**The records**

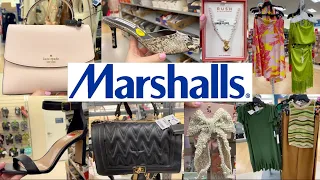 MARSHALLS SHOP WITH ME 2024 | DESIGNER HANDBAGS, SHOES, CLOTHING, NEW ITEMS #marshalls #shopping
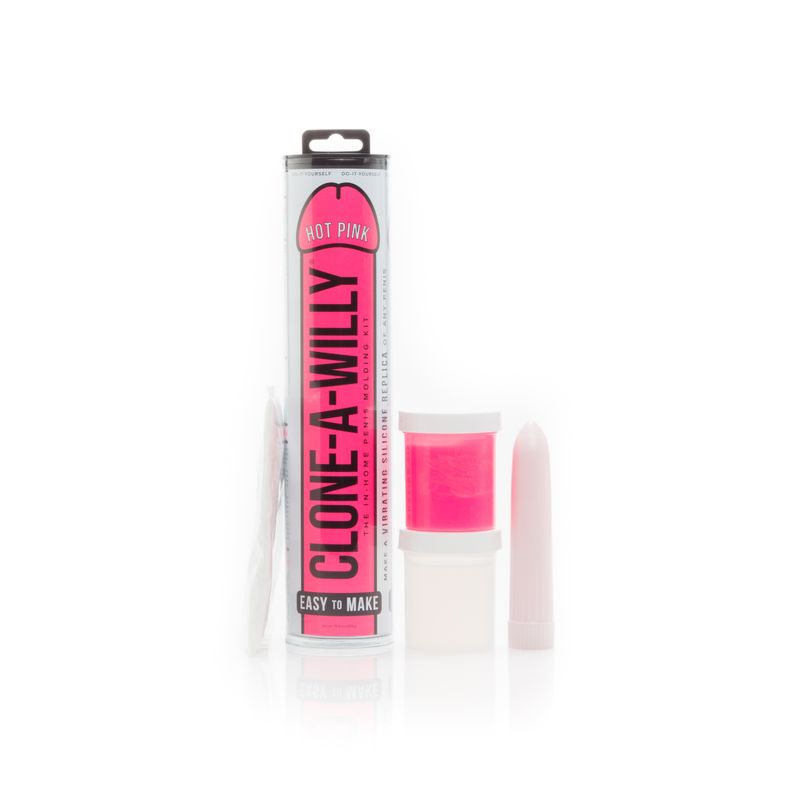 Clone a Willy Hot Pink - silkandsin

--

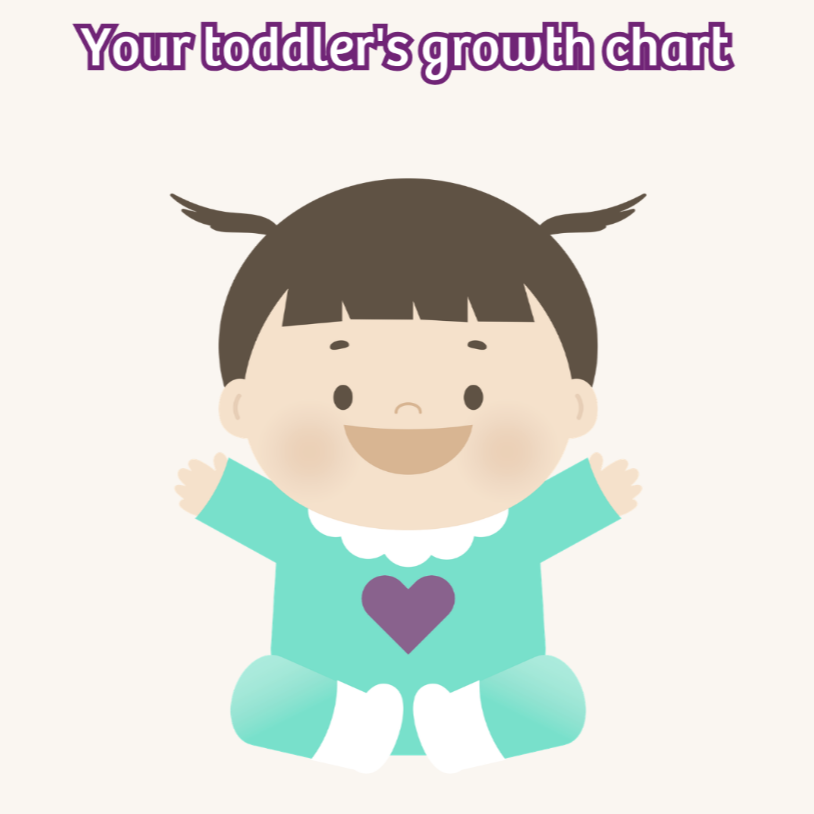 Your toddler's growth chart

---

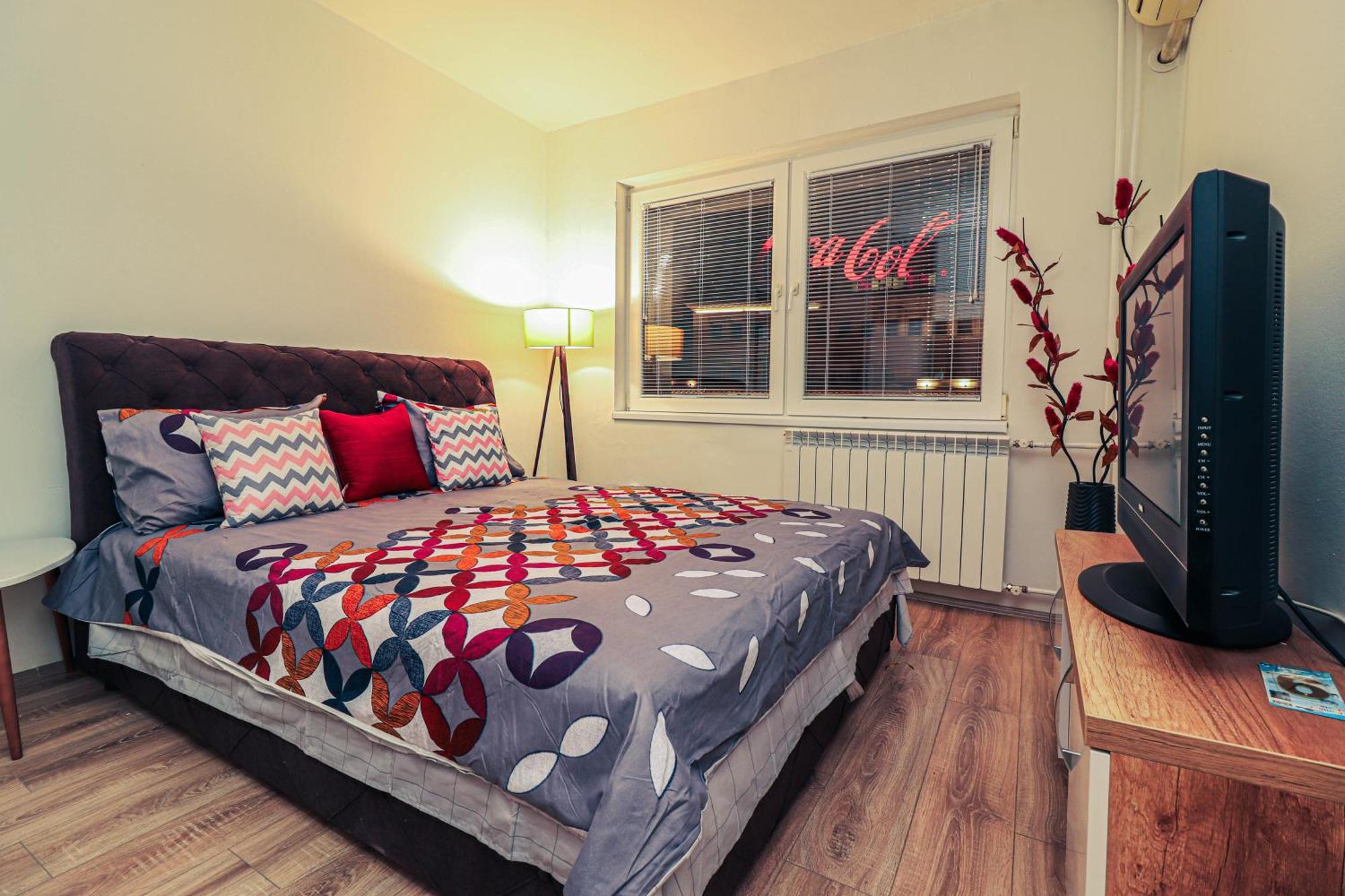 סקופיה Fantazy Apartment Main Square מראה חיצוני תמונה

**About this task**
Starting at the line with "MARSHALLS SHOP WITH" and finishing at the line with "Clone a Willy Hot Pink - silkandsin", copy the material above exactly, both lines included. Nothing else goes in, and no pictures.

**Your solution**
 MARSHALLS SHOP WITH ME 2024 | DESIGNER HANDBAGS, SHOES, CLOTHING, NEW ITEMS #marshalls #shopping
 Clone a Willy Hot Pink - silkandsin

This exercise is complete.